MICHELE NORRIS, host:
From NPR News, this is ALL THINGS CONSIDERED. I'm Michele Norris.
MELISSA BLOCK, host:
And I'm Melissa Block.
If you have a blue sticker on your washing machine or refrigerator or dishwasher, it's supposed to symbolize an energy efficient appliance. But so-called energy stars may not mean quite what you think. This week, the Energy Department's inspector general raised doubts about the reliability of those ratings.
As NPR's Elizabeth Shogren explains, it's something consumer advocates have been questioning for years.
ELIZABETH SHOGREN: Energy Star is designed to lure Americans to buy green by promising money savings, like this Lowe's commercial does.
(Soundbite of Lowe's Commercial)
Unidentified Man #1: With an Energy Star washing machine, you'll save roughly enough for 16 rounds of golf, 94 movie tickets or 3,382 text messages.
SHOGREN: The government estimates that last year the program helped Americans cut about as much greenhouse gas pollution as 29 million cars pump out. More than 60 different kinds of products from air conditioners to light bulbs can get energy stars. So, how do they qualify? Well, the specifics vary, but generally a product should be in the top 25 percent in terms of energy efficiency.
(Soundbite of refrigerators)
SHOGREN: It's not always that straightforward.
Mr. MARK CONNELLY (Deputy Technical Director, Consumers Union): We test as many as 24 to 32 refrigerators at a time.
SHOGREN: Mark Connelly is the deputy technical director of Consumers Union, which puts out Consumer Reports. Connelly took me to a hallway full of refrigerators at his organization's labs in Yonkers, New York.
Mr. CONNELLY: Unfortunately, when you go to buy a refrigerator and you see this product is Energy Star, it's only an Energy Star within a French-door refrigerator with through-the-door ice and water. So, the top mount refrigerator here will use a heck of a lot less energy than that one, even though, that one's Energy Star.
SHOGREN: French-door and side-by-side models are the SUVs of refrigerators. But they can get energy stars because of the way the government rates refrigerator.
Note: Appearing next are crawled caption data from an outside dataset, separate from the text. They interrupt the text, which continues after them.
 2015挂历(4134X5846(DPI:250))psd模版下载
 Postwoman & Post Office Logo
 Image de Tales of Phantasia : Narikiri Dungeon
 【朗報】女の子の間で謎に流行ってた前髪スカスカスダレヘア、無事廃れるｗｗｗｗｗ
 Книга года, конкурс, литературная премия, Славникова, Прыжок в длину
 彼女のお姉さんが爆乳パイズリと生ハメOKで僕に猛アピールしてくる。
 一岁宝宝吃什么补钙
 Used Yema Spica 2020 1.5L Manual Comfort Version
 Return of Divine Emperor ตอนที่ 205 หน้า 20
French-door, side-by-side, top freezer and bottom freezer fridges each has its own criteria.
Mr. CONNELLY: The government has put these things on different yardsticks.
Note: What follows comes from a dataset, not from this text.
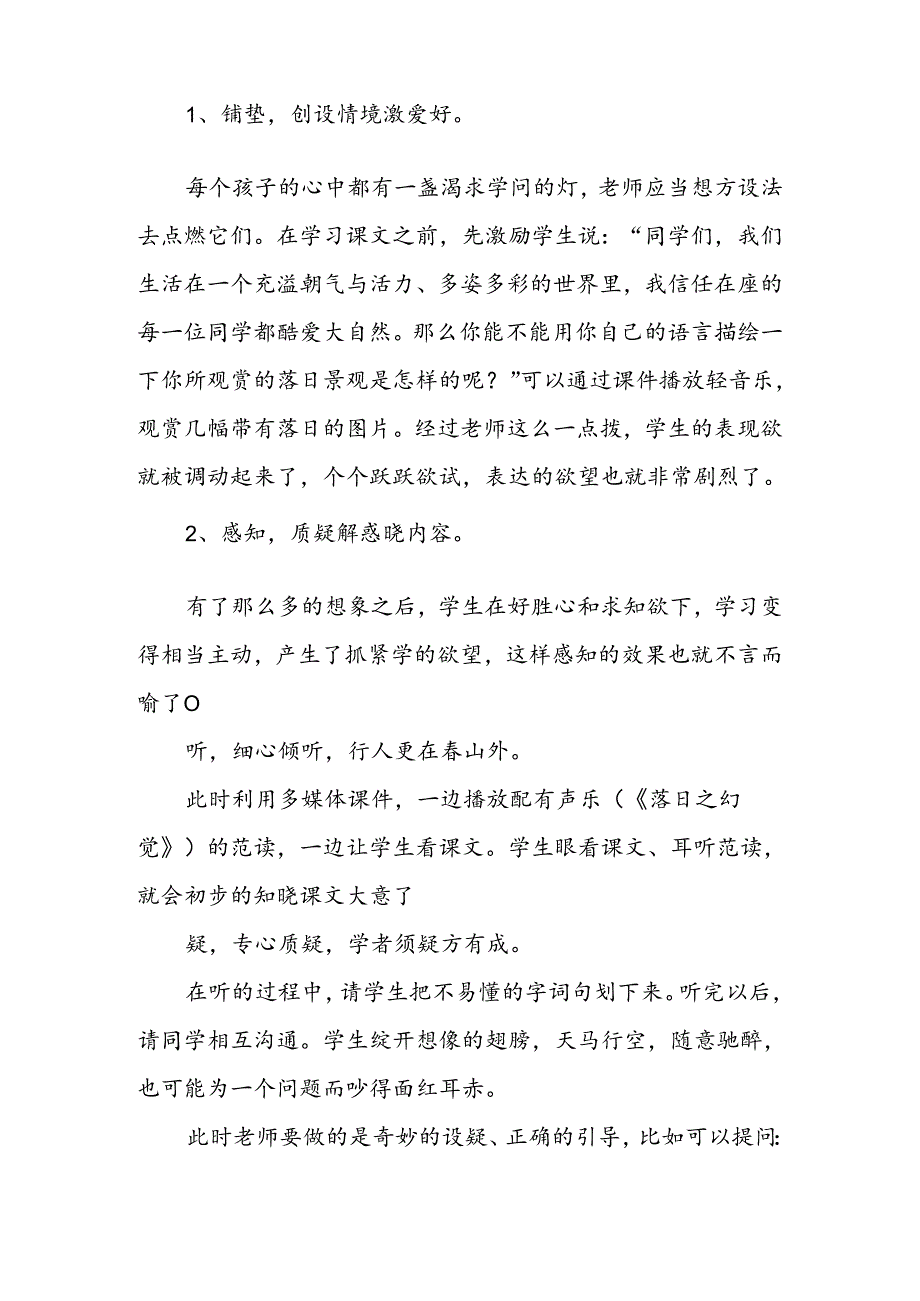 人教版八年级上册《落日的幻觉》说课稿.docx_第3页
SHOGREN: Connelly says another problem with Energy Star is the government doesn't tighten its standards quickly enough. A couple years ago, 90 percent of dishwashers on the market had energy stars. Nowadays, most TVs get the blue label.
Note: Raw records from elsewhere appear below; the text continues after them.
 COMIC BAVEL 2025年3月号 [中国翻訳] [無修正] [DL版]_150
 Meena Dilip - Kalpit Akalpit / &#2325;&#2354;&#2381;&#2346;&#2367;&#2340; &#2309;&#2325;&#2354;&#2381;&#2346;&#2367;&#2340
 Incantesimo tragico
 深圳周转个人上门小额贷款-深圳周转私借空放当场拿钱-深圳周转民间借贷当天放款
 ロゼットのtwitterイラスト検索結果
Mr. DAVID KATZMAIER (CNET): They need to just be a little bit more strict with what TVs are Energy Star and which aren't.
SHOGREN: That's David Katzmaier. He tests televisions for CNET, an online electronics publication. Last year, he was surprised to see that some big plasma televisions were getting energy stars. When he tested those televisions himself, the picture seemed awfully dim.
Mr. KATZMAIER: You get that kind of washed-out look to the picture and that was definitely a tip-off to us.
SHOGREN: Turns out, a lot of the energy that televisions use goes to make them bright. As with all Energy Star products, the government lets the manufacturers do their own testing. And Katzmaier says manufacturers were setting the default modes on televisions unusually dim to qualify for energy stars.
Mr. KATZMAIER: I think that, you know, some people might turn up the brightness on their televisions and all of a sudden your TV isn't Energy Star-compliant anymore and you're really not saving any power.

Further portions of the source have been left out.